Sur les autres demandes :
Carole C... épouse Z... ne démontre pas l'existence d'un préjudice causé par l'actuelle procédure autre que celui d'avoir été dans l'obligation d'engager des frais mais indemnisable sur le fondement des dispositions de l'article 700 du Code de Procédure Civile ; il n'y a pas lieu, en conséquence de lui allouer des dommages et intérêts pour procédure abusive et vexatoire.

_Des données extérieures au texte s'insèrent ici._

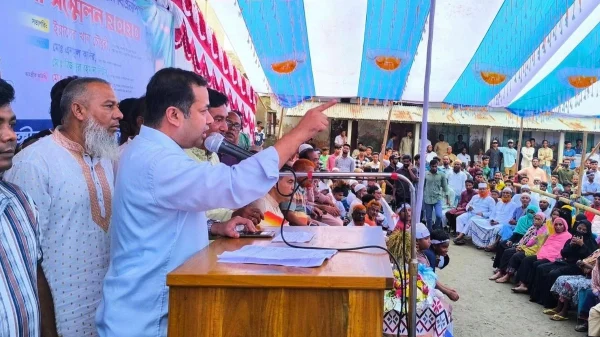 ময়মনসিংহের নান্দাইলে জাহাঙ্গীরপুর আলীম মাদ্রাসার মাঠে বিএনপির কর্মী সম্মেলনে বক্তব্য দেন নান্দাইল উপজেলা বিএনপির আহবায়ক ইয়াসের খান চৌধুরী।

Christian Y... qui succombe doit supporter les dépens de première instance et d'appel ; à la juste indemnité allouée par le premier juge à Carole C... épouse Z... sur le fondement des dispositions de l'article 700 du Code de Procédure Civile sera ajoutée celle équitablement fixée à 2 300 euros pour les frais non compris dans les dépens d'appel.
PAR CES MOTIFS,
La Cour statuant par mise à disposition au greffe, publiquement et contradictoirement
Reçoit l'appel,
Confirme le jugement,
Condamne Christian Y... à payer à Carole C... épouse Z... la somme de 2 300 euros par application des dispositions de l'article 700 du Code de Procédure Civile en indemnisation des frais non compris dans les dépens d'appel,
Rejette toutes autres demandes des parties,
Condamne Christian Y... aux dépens d'appel, lesquels pourront être recouvrés par l'avoué de l'intimée conformément aux dispositions de l'article 699 du Code de Procédure Civile.